Design Safety arose in the 1950s after dissatisfaction with the fly-fix-fly approach to safety. Design Safety was first adopted by the US Air Force. It led to the development of mil-std-882 Standard Practice for System Safety (v1 1960s). The basic concept of System was rather than assigning a safety engineer to demonstrate that a design is safe, safety considerations were to be integrated from the design phase of the project.

Founding principles

Safety should be designed in

  • Critical reviews of the system design identify hazards that can be controlled by modifying the design
  • Modifications are most readily accepted during the early stages of design, development, and test
  • Previous design deficiencies can be corrected to prevent their recurrence

Inherent safety requires both engineering and management techniques to control the hazards of a system

  • A safety program must be planned and implemented such that safety analyses are integrated with other factors that impact management decisions

Safety requirements must be consistent with other program or design requirements

  • The evolution of a system design is a series of tradeoffs among competing disciplines to optimize relative contributions
  • Safety competes with other disciplines; it does not override them

The main principles of Safe design are:

  • Inherent safety
  • Safety factors
  • Multiple independent safety barriers

Inherently safe design 

Inherent: belonging to the very nature of the person/thing (inseparable). It is recommended that Inherent safe design should be the first step in safety engineering. Change the process to eliminate hazards, rather than accepting the hazards and developing add-on features to control them, unlike engineered features, inherent safety cannot be compromised.

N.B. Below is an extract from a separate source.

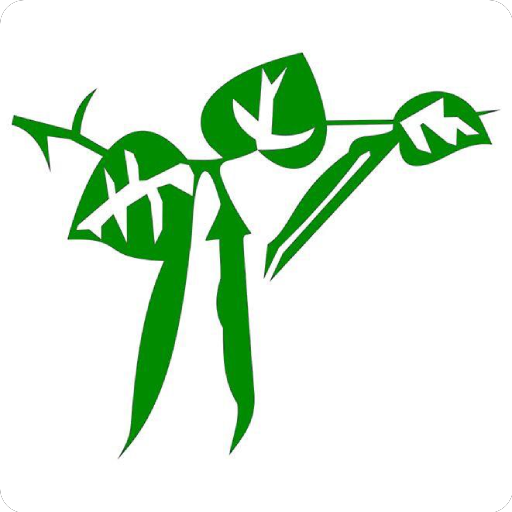 Feijão De Corda logo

Minimize inherent dangers as far as possible by considering the following:

  • Potential hazards are excluded rather than just enclosed or managed
  • Replace dangerous substances or reactions by less dangerous ones (instead of encapsulating the process)
  • Use fireproof materials instead of flammable ones (better than using flammable materials but keeping temperatures low)
  • Perform reactions at low temperatures & pressures instead of building resistant vessels

Safety Factors

Factors of safety (FoS), also known as safety factor (SF), is a term describing the load carrying capacity of a system beyond the expected or actual loads. Essentially, the factor of safety is how much stronger the system is than it usually needs to be for an intended load. Safety factors are often calculated using detailed analysis because comprehensive testing is impractical on many projects, such as bridges and buildings, but the structure’s ability to carry load must be determined to a reasonable accuracy.

When the material used is under strength, factor of safety covers uncertainties in material strength. It covers poor workmanship. It also covers unexpected behavior of the structure and natural disasters. Stresses are produced which may be very high. Factor of safety may take care of these loads during construction. Presence of residual stresses and stress concentrations beyond the level theoretically expected.

Multiple Independent Safety Barriers

Safety barriers are arranged in chains. The aim is to make each barrier independent of its predecessors so that if the first fails, then the second is still intact, etc. Typically, the first barriers are measures to prevent an accident, after which follow barriers that limit the consequences of an accident, and, finally, rescue services as the last resort.

The basic idea behind multiple barriers is that even if the first barrier is well constructed, it may fail, due to unforeseen reason, and that the second barrier should then provide protection. The major problem in the construction of safety barriers is how to make them as independent of each other as possible. If two or more barriers are sensitive to the same type of impact, then one and the same destructive force can get rid of all of them in one swoop.

These three principles of engineering safety – inherent safety, safety factors, and multiple barriers are quite different in nature, but they have one important trait in common. They all aim at protecting us not only against risks that can be assigned meaningful probability estimates, but also against dangers that cannot be probabilized, such as the possibility that some unforeseen even triggers a hazard that is seemingly under control. It remains, however, to investigate more in detail the principles underlying safety engineering and, not least, to clarify how they relate to other principles of engineering design.